The AVC Advantage machines were first manufactured in the late 1980s. Appel says the ROM chips inside are in sockets -- not soldered to the board -- and can be replaced in ten minutes by opening a door on the back of the machines and unscrewing a metal cover. With new chips, the machines could be reprogrammed to misreport votes, he says.

But Sequoia spokeswoman Michelle Shafer says that manipulating an election wouldn't be as easy or undetectable as Appel claims. In practice, the machines are supposed to have tamper-evident seals on them to help authorities detect if someone has accessed the CPU (there were none on the machines that Appel purchased). Moreover, she claims the voting system can detect if the firmware has been replaced.

"There are controls inside the machine that recognize what is supposed to be on there," Shafer says. "(And) the election management software and tally software that is on the computers at the county headquarters would recognize (if the software changed). You just couldn't put just any type of software on there."

Appel is skeptical about Sequoia's claim that changing the ROMs would set off an alarm. He says the only communication between the voting terminal and the county server is through a cartridge where the vote totals for each machine are collected.

It's possible that the voting machine cryptographically signs information recorded to the cartridge. But he says the cryptographic signature would have to be stored in the machine's ROM, and a hacker could simply use the same cryptographic key to authenticate his fraudulent chip.

"Whatever the legitimate software does to take checksums of itself can all be simulated by the fraudulent software," he says. "And there's certainly enough information (contained) in the legitimate software to (figure out how to) do that simulation."

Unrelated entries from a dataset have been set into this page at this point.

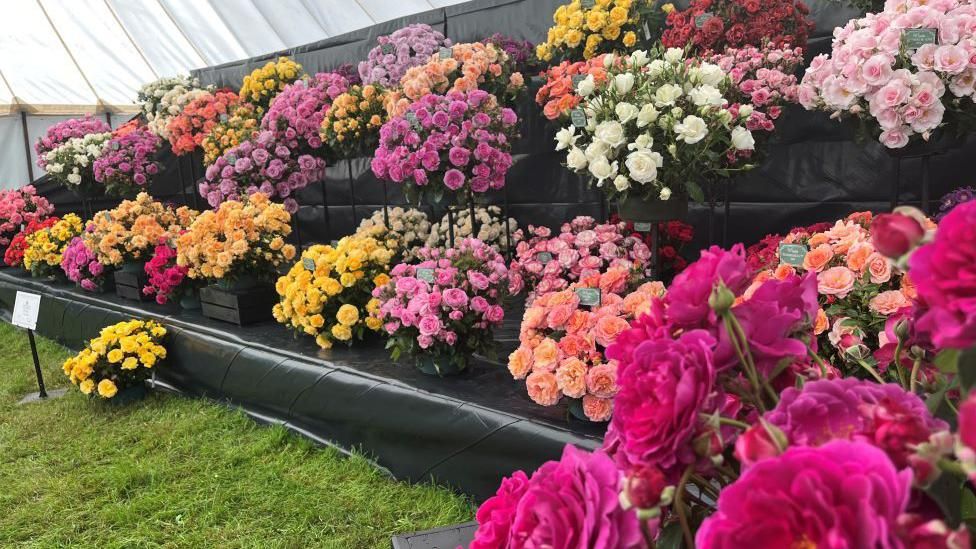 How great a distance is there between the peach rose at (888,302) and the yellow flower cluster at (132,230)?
383cm

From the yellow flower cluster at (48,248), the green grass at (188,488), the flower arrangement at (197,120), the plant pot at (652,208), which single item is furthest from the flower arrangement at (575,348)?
the yellow flower cluster at (48,248)

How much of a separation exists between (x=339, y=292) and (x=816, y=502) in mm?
2667

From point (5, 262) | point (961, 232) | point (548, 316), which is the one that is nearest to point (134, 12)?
point (5, 262)

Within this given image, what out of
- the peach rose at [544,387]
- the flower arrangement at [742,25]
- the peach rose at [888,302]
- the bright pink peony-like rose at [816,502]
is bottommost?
the peach rose at [544,387]

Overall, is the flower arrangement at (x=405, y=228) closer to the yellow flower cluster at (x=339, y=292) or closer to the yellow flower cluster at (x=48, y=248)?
the yellow flower cluster at (x=339, y=292)

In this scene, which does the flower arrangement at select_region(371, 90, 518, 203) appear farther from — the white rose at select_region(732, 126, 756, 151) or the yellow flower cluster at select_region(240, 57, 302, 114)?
the yellow flower cluster at select_region(240, 57, 302, 114)

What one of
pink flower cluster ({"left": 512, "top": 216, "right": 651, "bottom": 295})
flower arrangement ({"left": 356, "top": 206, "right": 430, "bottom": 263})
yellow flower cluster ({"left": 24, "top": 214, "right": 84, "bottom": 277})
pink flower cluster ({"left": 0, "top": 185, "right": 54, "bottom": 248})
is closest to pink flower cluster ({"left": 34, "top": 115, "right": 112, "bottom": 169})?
pink flower cluster ({"left": 0, "top": 185, "right": 54, "bottom": 248})

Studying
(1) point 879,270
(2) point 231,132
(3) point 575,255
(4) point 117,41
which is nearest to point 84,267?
(2) point 231,132

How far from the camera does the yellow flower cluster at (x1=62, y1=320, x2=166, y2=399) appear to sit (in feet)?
10.6

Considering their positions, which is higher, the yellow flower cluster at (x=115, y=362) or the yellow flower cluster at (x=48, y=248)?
the yellow flower cluster at (x=48, y=248)

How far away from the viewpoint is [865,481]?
0.33m

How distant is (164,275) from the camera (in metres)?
3.77

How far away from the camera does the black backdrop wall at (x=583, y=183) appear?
297 centimetres

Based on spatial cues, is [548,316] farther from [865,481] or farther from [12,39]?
[12,39]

Appel says he opened the machines with a key that came with them, and was able to easily access the machines' motherboards and memory chips to swap them out. But even without the key, a student of his was able to pick the lock in seven seconds. He says that even seals wouldn't thwart a hacker because they're easily counterfeited, and many counties fail to use and track them properly -- as evidenced by recent reports out of Cuyahoga County, Ohio.

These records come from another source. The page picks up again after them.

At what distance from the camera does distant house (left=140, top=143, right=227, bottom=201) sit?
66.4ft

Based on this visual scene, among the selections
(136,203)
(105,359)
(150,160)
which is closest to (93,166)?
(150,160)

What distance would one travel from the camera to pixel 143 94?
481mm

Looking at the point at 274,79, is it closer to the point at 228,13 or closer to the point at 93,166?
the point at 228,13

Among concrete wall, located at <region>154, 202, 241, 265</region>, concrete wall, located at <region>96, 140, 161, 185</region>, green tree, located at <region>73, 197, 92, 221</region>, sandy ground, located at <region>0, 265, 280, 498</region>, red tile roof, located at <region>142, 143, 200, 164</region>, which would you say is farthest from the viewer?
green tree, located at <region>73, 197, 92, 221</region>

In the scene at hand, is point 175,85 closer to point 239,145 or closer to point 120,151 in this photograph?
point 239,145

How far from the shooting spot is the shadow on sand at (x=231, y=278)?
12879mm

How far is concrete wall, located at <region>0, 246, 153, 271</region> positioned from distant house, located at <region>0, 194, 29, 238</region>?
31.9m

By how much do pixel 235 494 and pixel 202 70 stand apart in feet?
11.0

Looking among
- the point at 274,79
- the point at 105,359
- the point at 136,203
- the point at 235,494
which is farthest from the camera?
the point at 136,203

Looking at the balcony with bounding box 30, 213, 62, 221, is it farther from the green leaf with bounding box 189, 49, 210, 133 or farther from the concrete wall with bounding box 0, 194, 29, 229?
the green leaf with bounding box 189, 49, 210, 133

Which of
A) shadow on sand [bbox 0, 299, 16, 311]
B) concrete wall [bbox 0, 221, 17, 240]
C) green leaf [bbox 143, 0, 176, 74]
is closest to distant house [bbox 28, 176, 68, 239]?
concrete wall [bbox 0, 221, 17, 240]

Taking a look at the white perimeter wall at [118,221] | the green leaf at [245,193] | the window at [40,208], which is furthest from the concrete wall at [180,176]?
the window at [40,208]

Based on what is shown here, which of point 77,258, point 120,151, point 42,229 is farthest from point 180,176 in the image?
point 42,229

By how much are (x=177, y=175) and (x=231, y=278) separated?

Despite the ease in doing this, Appel said the Sequoia machines he bought so far seem to be more secure than a Diebold voting machine that Princeton colleague Ed Felten and others examined last year. Felton discovered that he could inject subversive software into the Diebold machine through the removable memory cards on which it stores votes. He could even produce a virus that would spread automatically from one Diebold machine to another.

The AVC Advantage machines are used throughout Louisiana, and in varying numbers in Colorado, New Jersey and Pennsylvania. Unlike touch-screen machines that use an LCD display, the older Advantage machines rely on push-buttons and lamps, overlaid with a large paper ballot.

Appel acknowledges that to throw an election a hacker would need to have access to dozens or even hundreds of machines to switch out the chips, but points out that thousands of voting machines are stored in warehouses for months each year before elections. Many of them also sit unattended in church basements and school gymnasiums in the days before an election.